### AIM OF THE EXERCISE
One exact copy of the listing, minus the images, is the required answer.

### GIVEN MATERIAL

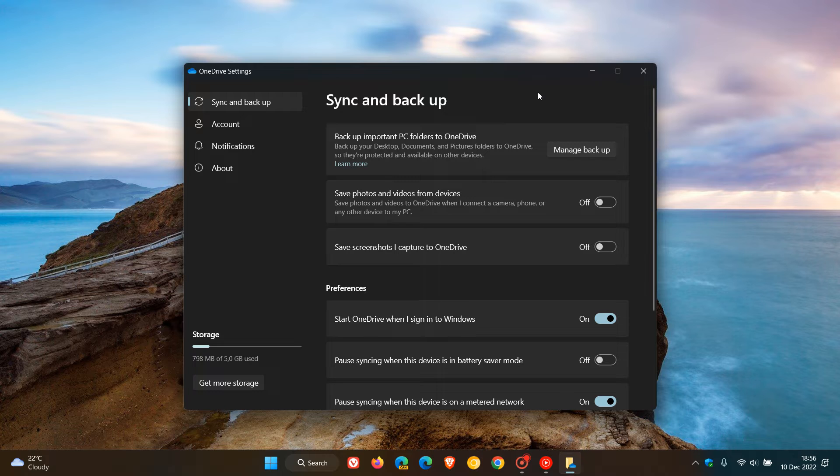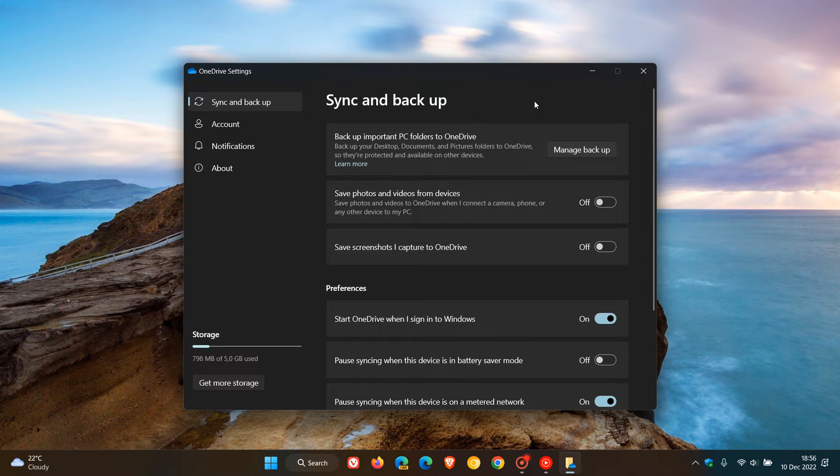At this stage, I'm not seeing this new settings layout on Windows 10, so it's not known if Microsoft will eventually roll this out to Windows 10. I don't know if this is Windows 11 22H2 specific or for Windows 11 in general.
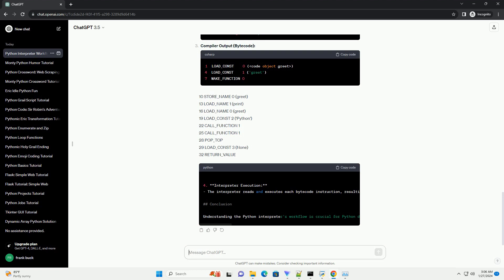Consider the following Python code. Lexer output, Parser output, Compiler output bytecode: 10 STORE_NAME 0, greet. 13 LOAD_NAME 1.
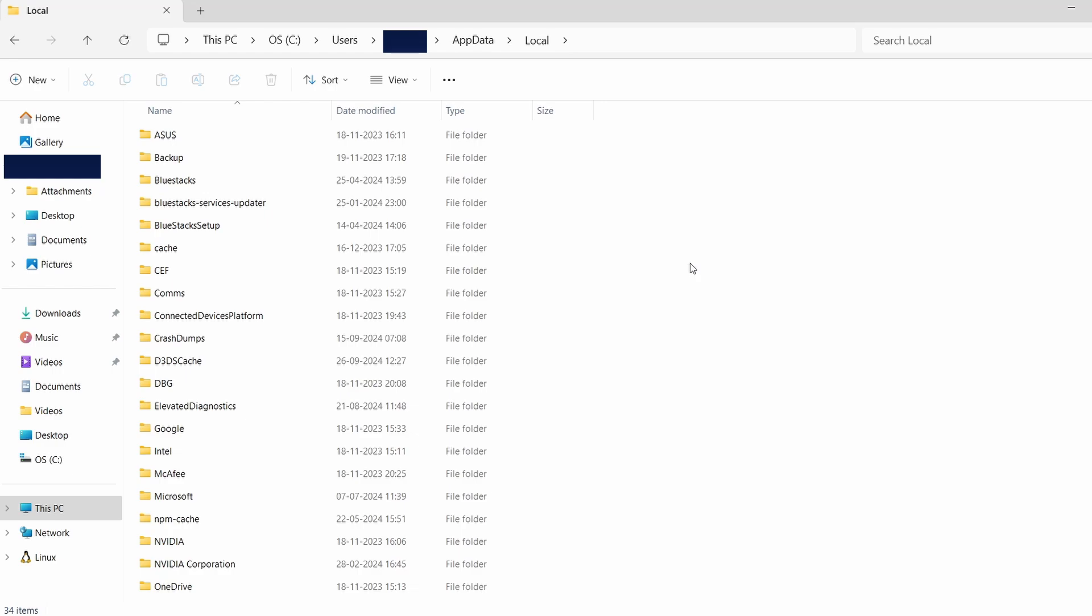Inside this folder, you'll see various subfolders with different names. For Geometry Dash, look for a folder that may relate to the game or its developer.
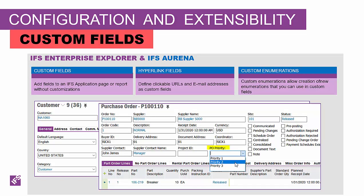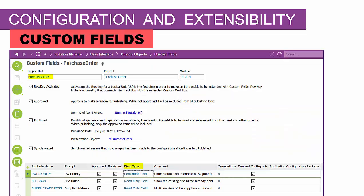We also can add what are called custom enumerations. An enumeration is a drop-down or combo box. These are used throughout IFS applications and you can even define your own. It's a fixed drop-down list of values, and you can store it as a custom attribute on pretty much any form.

### RESPONSE
At this stage, I'm not seeing this new settings layout on Windows 10, so it's not known if Microsoft will eventually roll this out to Windows 10. I don't know if this is Windows 11 22H2 specific or for Windows 11 in general.
Consider the following Python code. Lexer output, Parser output, Compiler output bytecode: 10 STORE_NAME 0, greet. 13 LOAD_NAME 1.
Inside this folder, you'll see various subfolders with different names. For Geometry Dash, look for a folder that may relate to the game or its developer.
We also can add what are called custom enumerations. An enumeration is a drop-down or combo box. These are used throughout IFS applications and you can even define your own. It's a fixed drop-down list of values, and you can store it as a custom attribute on pretty much any form.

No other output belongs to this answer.